### ENTRIES SUPPLIED ###
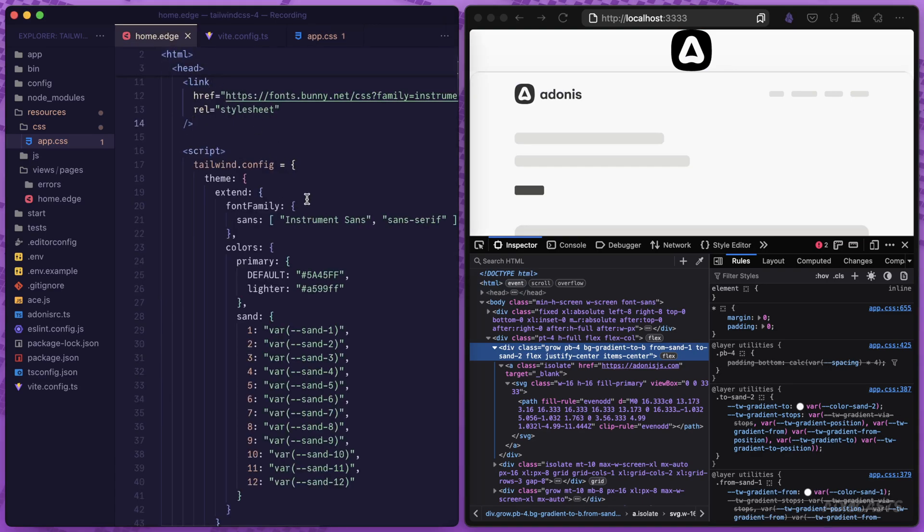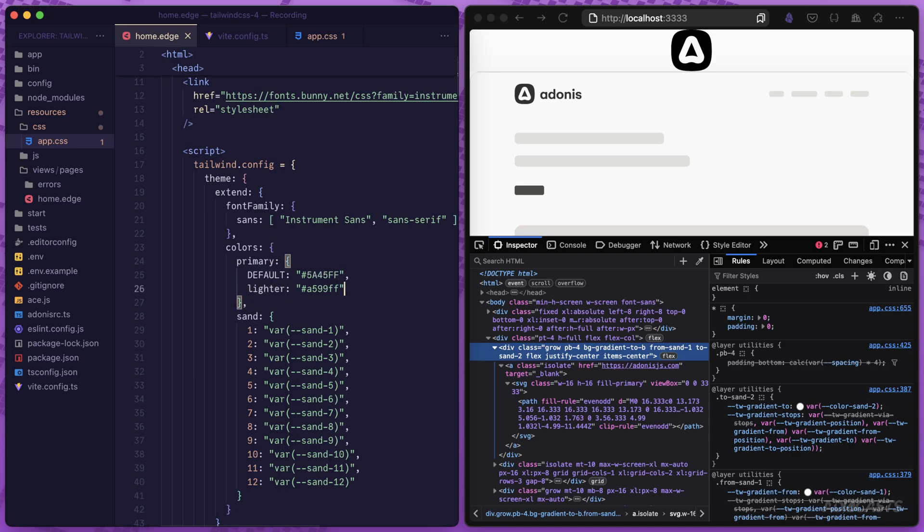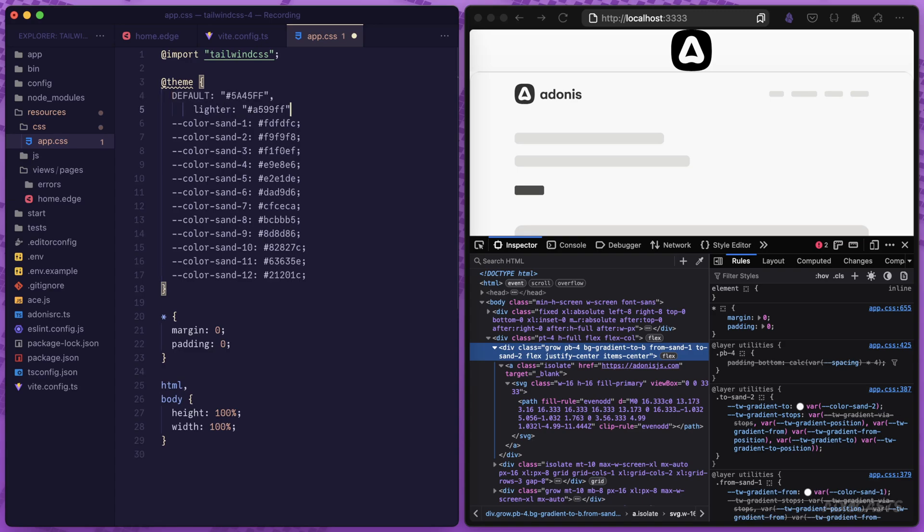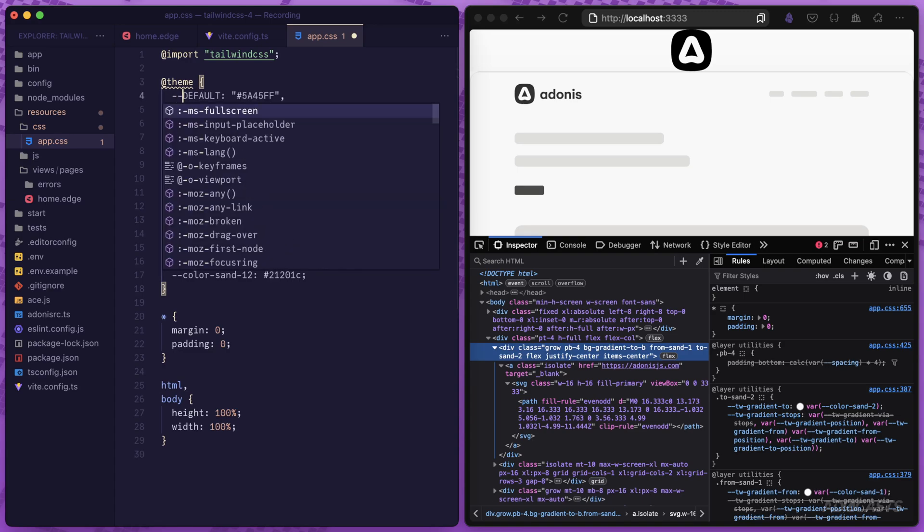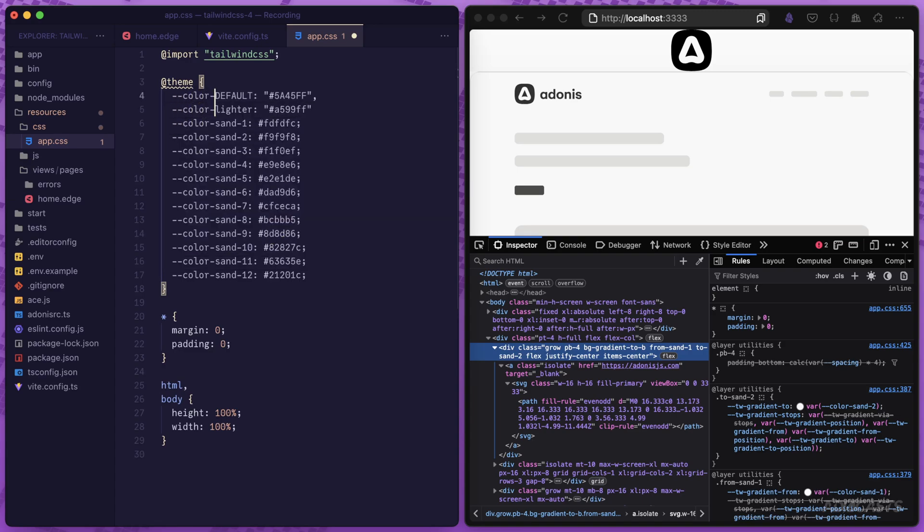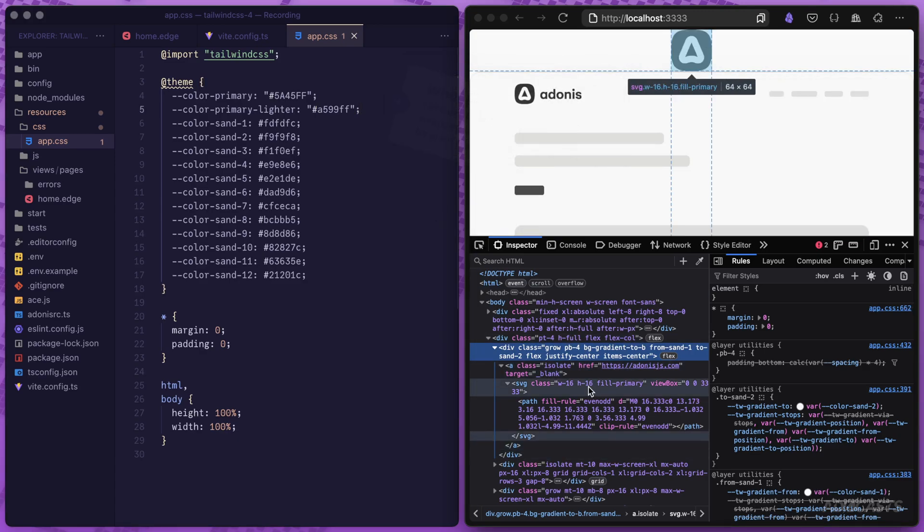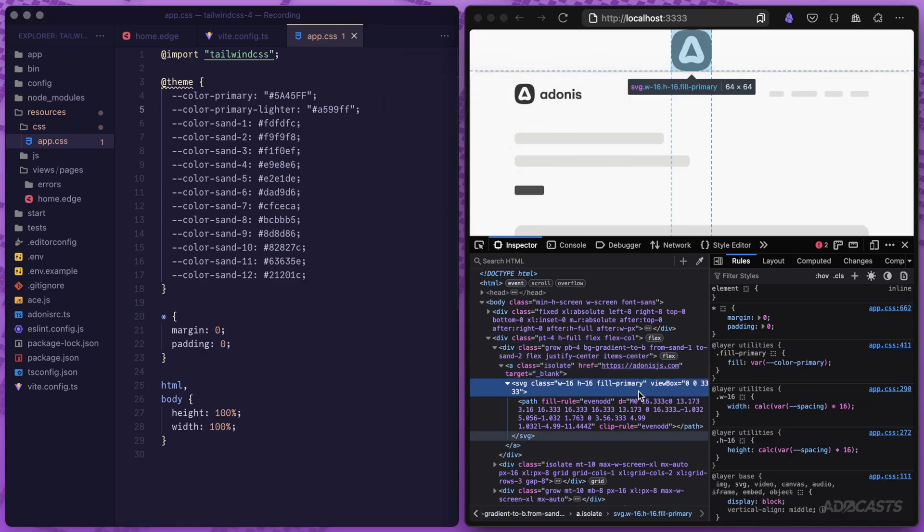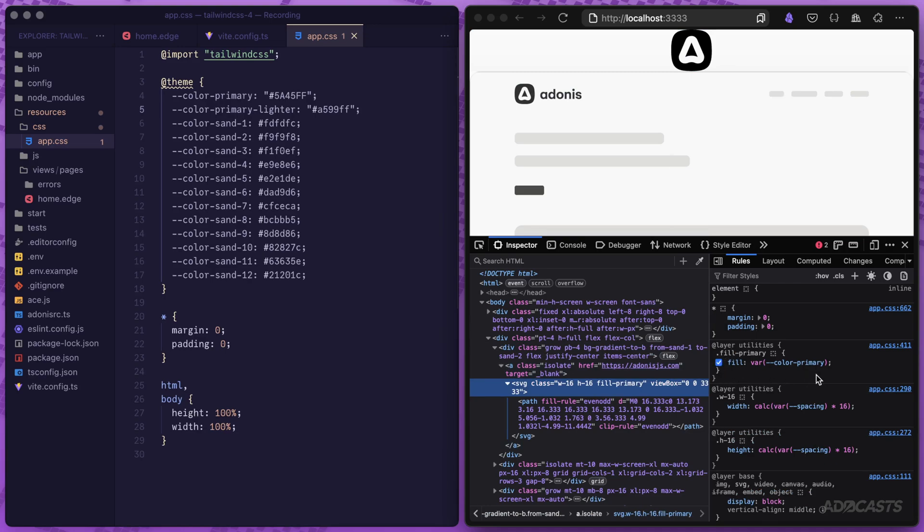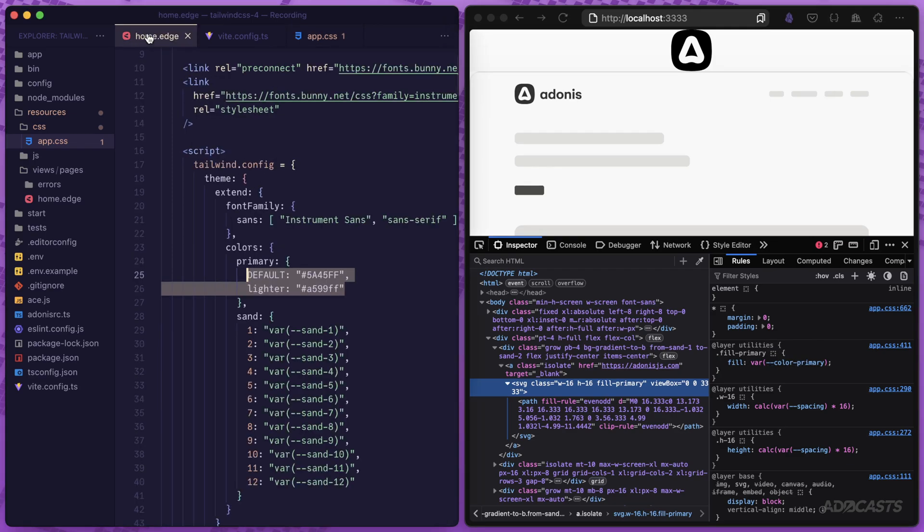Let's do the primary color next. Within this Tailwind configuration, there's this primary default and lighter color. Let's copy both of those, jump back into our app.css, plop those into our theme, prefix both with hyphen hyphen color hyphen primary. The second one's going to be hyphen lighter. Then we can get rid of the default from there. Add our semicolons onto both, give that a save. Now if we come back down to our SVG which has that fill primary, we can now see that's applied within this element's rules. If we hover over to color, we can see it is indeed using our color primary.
###
### ENTRIES SUPPLIED ###
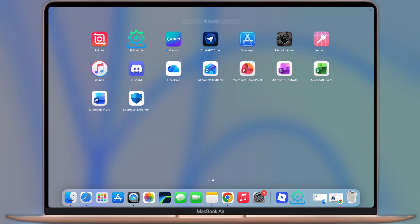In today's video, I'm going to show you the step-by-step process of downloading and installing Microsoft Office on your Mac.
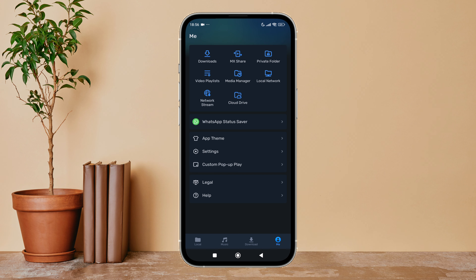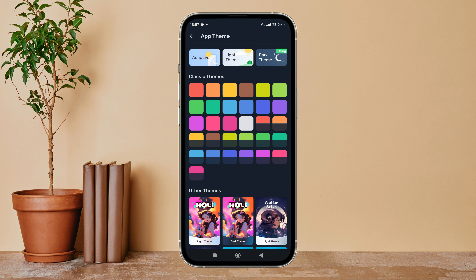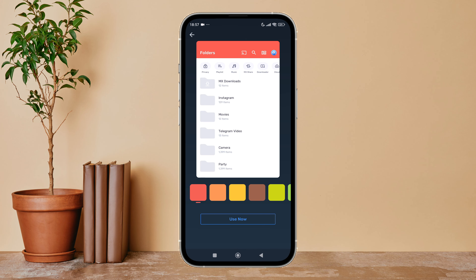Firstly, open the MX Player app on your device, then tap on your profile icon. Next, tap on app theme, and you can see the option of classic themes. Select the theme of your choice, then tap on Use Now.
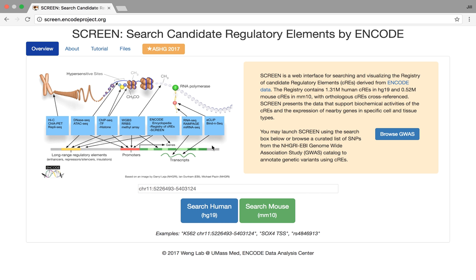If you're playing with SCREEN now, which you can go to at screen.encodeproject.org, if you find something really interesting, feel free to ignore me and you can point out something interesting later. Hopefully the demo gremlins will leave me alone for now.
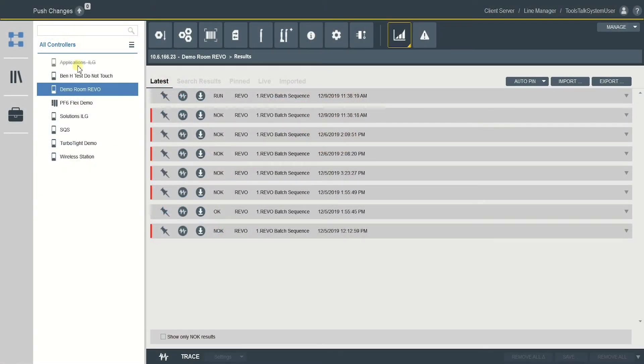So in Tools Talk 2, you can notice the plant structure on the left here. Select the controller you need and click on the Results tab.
###
■ WHAT IS REQUIRED ■
Repeat the lines above exactly, beginning with the one containing "Firstly, open the" and finishing with the one containing "So in Tools". No pictures belong in the copy.

■ WRITTEN RESPONSE ■
Firstly, open the MX Player app on your device, then tap on your profile icon. Next, tap on app theme, and you can see the option of classic themes. Select the theme of your choice, then tap on Use Now.
If you're playing with SCREEN now, which you can go to at screen.encodeproject.org, if you find something really interesting, feel free to ignore me and you can point out something interesting later. Hopefully the demo gremlins will leave me alone for now.
So in Tools Talk 2, you can notice the plant structure on the left here. Select the controller you need and click on the Results tab.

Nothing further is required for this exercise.